Spotts-designed tool demonstrates effectiveness of different BMPs.

Alabama Soil and Water Conservation Committee’s Earl Norton, CPESC, CPAg, first met Spotts at an IECA Annual Conference in the late 1990s and they have been colleagues ever since. “He is passionate about erosion and sediment control and most willing to share technology,” he said. “He has participated several times in our Alabama Clear Water AL Field Day as a trainer at sites demonstrating flocculant technology to minimize turbidity from construction stormwater. His presentations were always highly educational and participants always wanted more time with him.”

“I believe his most significant accomplishment is the acceptance and credibility he has given our industry,” said Metcalf. “Often we are seen at the job site as people that slow down the job or cost the project money. Dr. Spotts had shown how compliance is a competitive advantage and the company that properly manages erosion and sediment control issues is the leader.”

Erosion and sediment control is not just a job, it is a passion for Spotts. “I like to test new technologies in the field to see how they work, and vendors are happy to give me a chance to install and evaluate their products,” said Spotts. Often this testing is done on his own time at construction sites of clients.

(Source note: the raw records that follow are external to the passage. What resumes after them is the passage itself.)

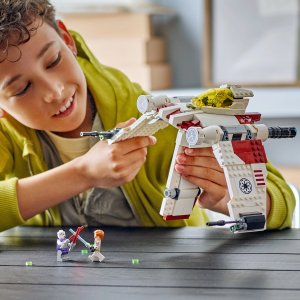 LEGO Star Wars Myśliwiec V-19 Torrent (75432) 3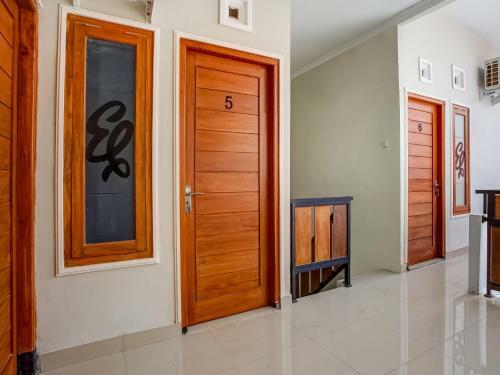 Hotel Vaccinated Staff - Oyo 90174 Ebarly Syariah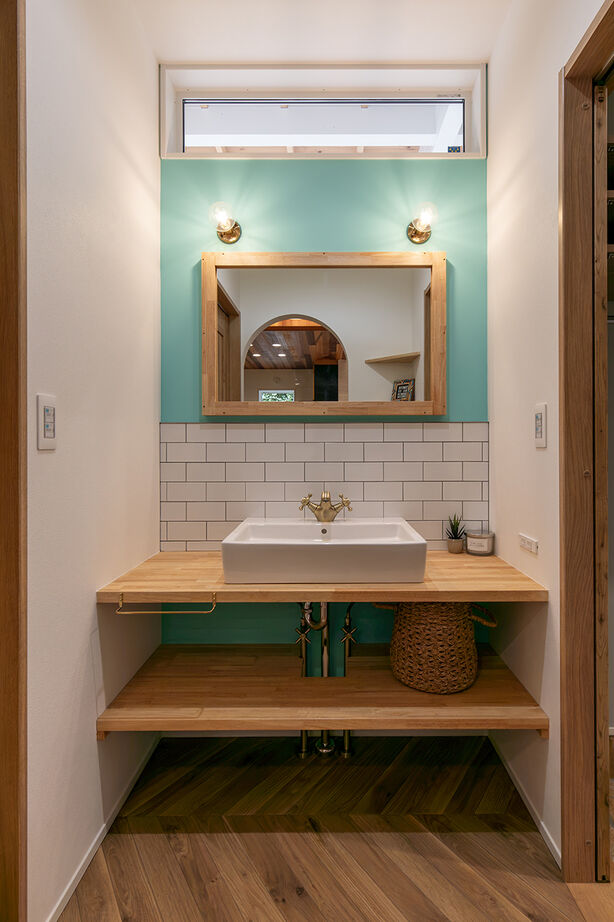 アートハウス 【4000万円台～】おしゃれなブルーがアクセント、自然豊かな周囲と調和したカリフォルニアスタイルの家の建築実例画像9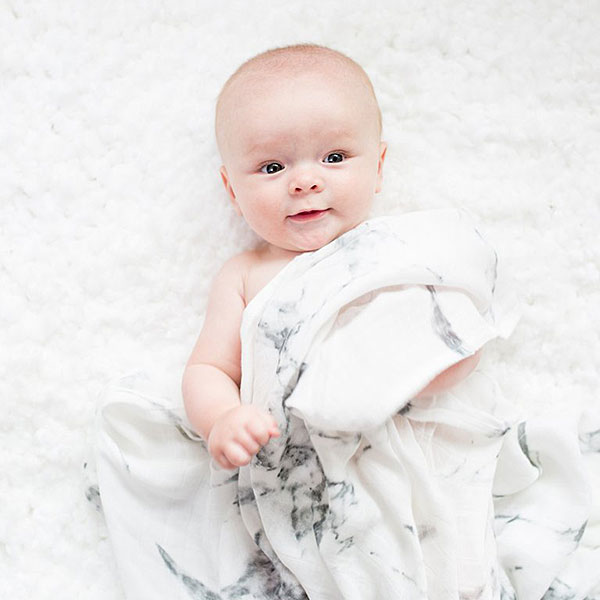 De Lulujo Hello World Swaddle & Hat Marble set zorgt ervoor dat je pasgeborene er niet alleen warmpjes bij ligt maar ook nog eens camera ready is! Deze Lulujo set bestaat uit een swaddle & een knoopmutjes. Beide hebben een marmerprint. De swaddle heeft het formaat van 120 x 120 cm en is gemaakt van een hoge kwaliteit katoen& viscose bamboo. Het knoopmutsje is geschikt voor de leeftijd van 0 - 3 maanden.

There are also times he sees a potential new use for a product. Not long ago, Owen and Spotts were using anionic polyacrylamide (PAM) to stabilize two massive forebays on a construction site. When Spotts applied the PAM over jute matting on the spillway, sediment in the inflow was retained on the netting and the result was clear water in body of the pond.

“My role is to help contractors realize the importance of BMPs to the success of their project,” said Spotts. He provides options and routinely inspects BMPs to enable contractors to make adjustments before inspectors arrive on site. “The worst thing that can happen on a construction site is a stop-work order,” he said. “I can help avoid those orders and the lost money they represent, so my clients are very open to my suggestions.”

Dr. Dirt also serves as a “pass through” of information that he gains from colleagues, especially those in IECA, said Spotts. “I am not the whole wheel, only one spoke.”

While he receives many compliments and accolades, there is one complaint the 83-year-old Spotts often hears. “People say I walk too fast,” he said. “I walk fast because I have a lot of ground to cover. I need 25 hours in my days.”